[Caption-style text data]
>>

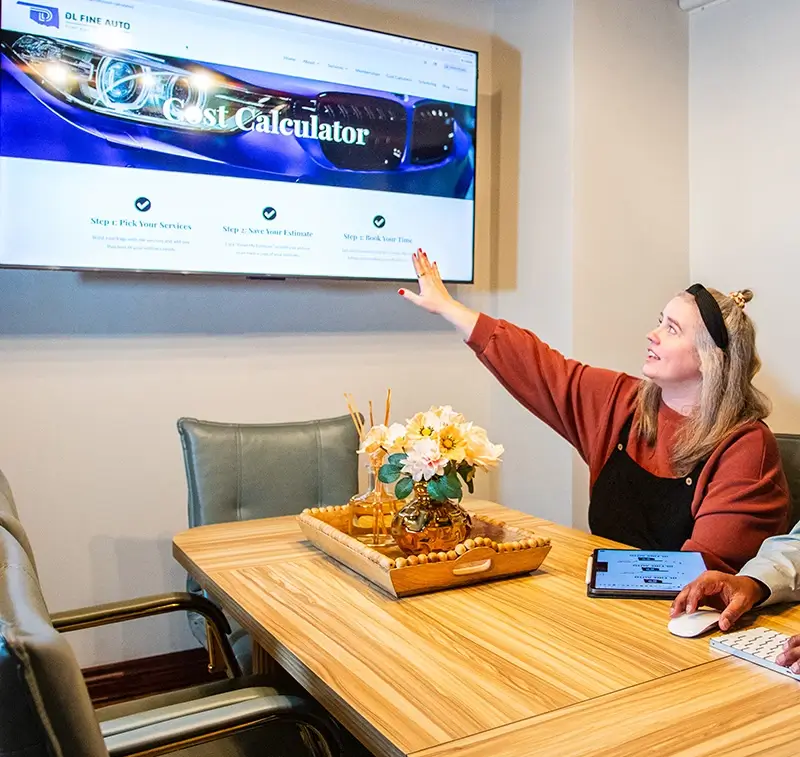 Creative Director Amy discussing client website pulled up on monitor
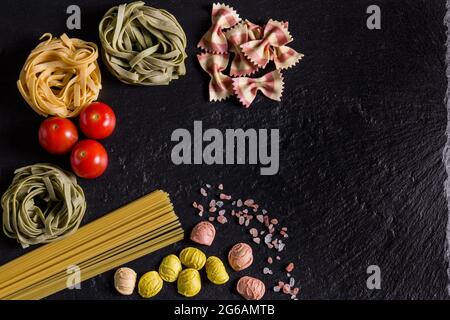 Grüne und gelbe Tagliatelle, Spaghetti und Pasta-Schmetterlinge, Salz und Tomaten Stockfoto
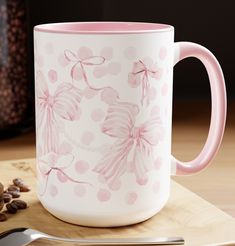 a pink and white coffee mug sitting on top of a wooden cutting board next to a spoon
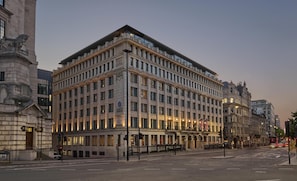 Un edificio grande e histórico con varios pisos, ventanas amplias y una entrada destacada.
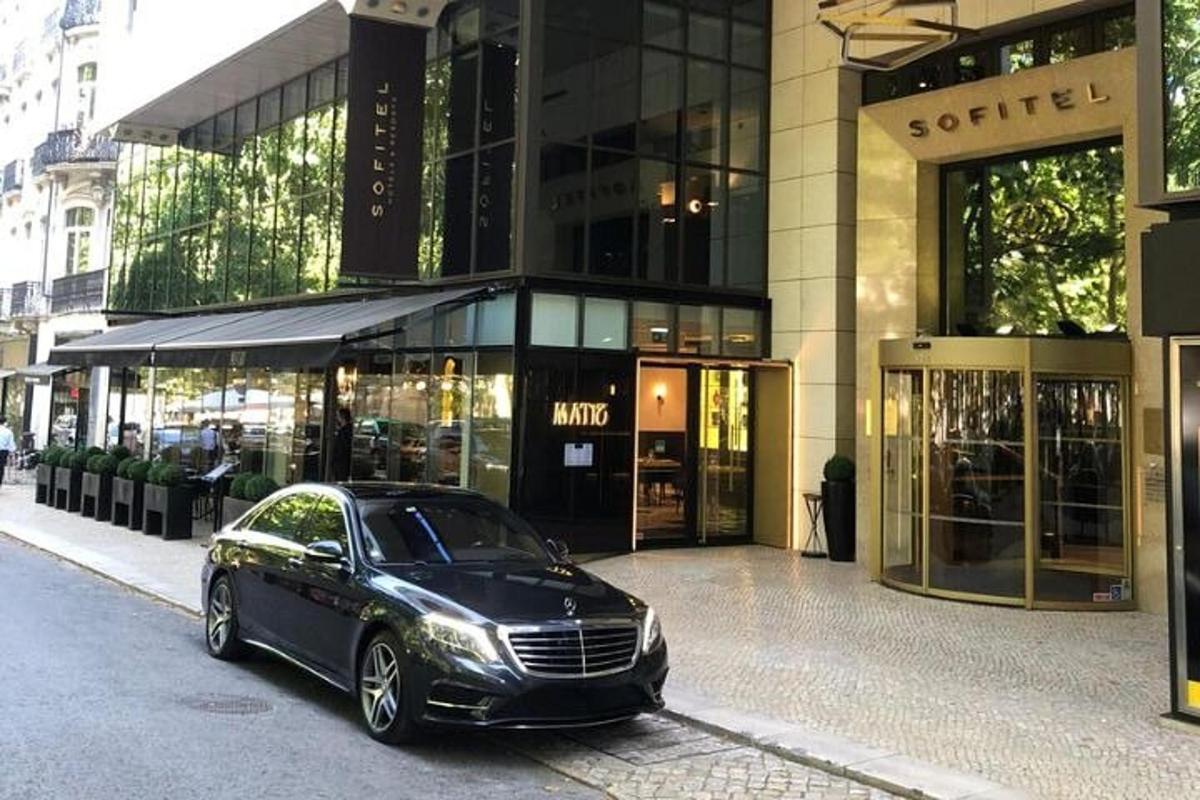um carro preto estacionado em frente a um prédio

<<

▶ _EXERCISE REQUIREMENTS_:
Copy every record exactly as written, leaving out the pictures.

▶ _SOLVED PROBLEM_:
 Creative Director Amy discussing client website pulled up on monitor
 Grüne und gelbe Tagliatelle, Spaghetti und Pasta-Schmetterlinge, Salz und Tomaten Stockfoto
 a pink and white coffee mug sitting on top of a wooden cutting board next to a spoon
 Un edificio grande e histórico con varios pisos, ventanas amplias y una entrada destacada.
um carro preto estacionado em frente a um prédio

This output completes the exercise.